Et que s'est-il passé? Absolument rien. Je n'ai jamais eu de nouvelles, à part de la jeune employée qui a dû s'excuser. Publier un inconnu n'entrait pas dans la stratégie d'affaires de son patron. Le coup de massue m'est venu d'un autre éditeur. J'ai reçu une lettre de rejet "pour des raisons strictement commerciales" accompagnée d'une feuille : l'évaluation interne. Le lecteur donnait une note presque parfaite à mon roman avant d'ajouter les plus beaux commentaires dont un écrivain puisse rêver. Je me suis baladé pendant des semaines avec cette évaluation de 116 sur 120 et la lettre de refus dans mes poches et je les ai fait lire aux gens que je rencontrais. Personne n'a pu m'en expliquer la logique, ceux qui avaient lu le manuscrit encore moins que les autres.

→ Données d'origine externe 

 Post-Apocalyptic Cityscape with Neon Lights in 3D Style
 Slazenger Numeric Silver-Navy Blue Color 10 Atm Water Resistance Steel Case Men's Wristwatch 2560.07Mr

À ce stade, certains me voyaient comme un écrivain raté puisque j'écrivais depuis des années sans avoir publié. D'autres adoraient ce que je faisais. Mon roman avait quand même pas mal circulé puisque certains lecteurs l'avaient prêté à leurs amis et j'avais obtenu des commentaires d'inconnus. J'ai été surpris en constatant que les parties totalement imaginaires leur paraissaient plus réalistes que les parties inspirées de ma vie, ce qui m'ouvrait des possibilités excitantes. Ce sont ces possibilités que j'ai explorées dans le roman suivant, Sonate en fou mineur, où je suis allé beaucoup plus loin dans l'imagination tout en essayant de demeurer crédible. Cette fois, le manuscrit a attiré plusieurs éditeurs et c'est moi qui ai eu le choix. Sonate en fou mineur a été publié en 2009 chez Guy-Saint-Jean.

Ma vie a été comme un tunnel, à cause de ma timidité et de la longue période où j'ai écrit sans montrer le résultat. Sortir de ce tunnel a été comme arriver en plein soleil. J’ai maintenant des enfants et une vie personnelle qui m’apporte beaucoup, mais l’écriture demeure essentielle. Publier un roman m’a fait vivre de nouvelles expériences : je suis passé à la radio, j’ai fait de nombreuses rencontres, démarré un blogue, j’ai été invité par des clubs de lecture, je suis allé au salon du livre, et ça a changé encore une fois ma vision de ce que je veux écrire. On ne sait jamais comment vont tourner les choses, mais mon plan est d'écrire de nombreux autres romans en continuant à m'améliorer comme écrivain... et comme personne.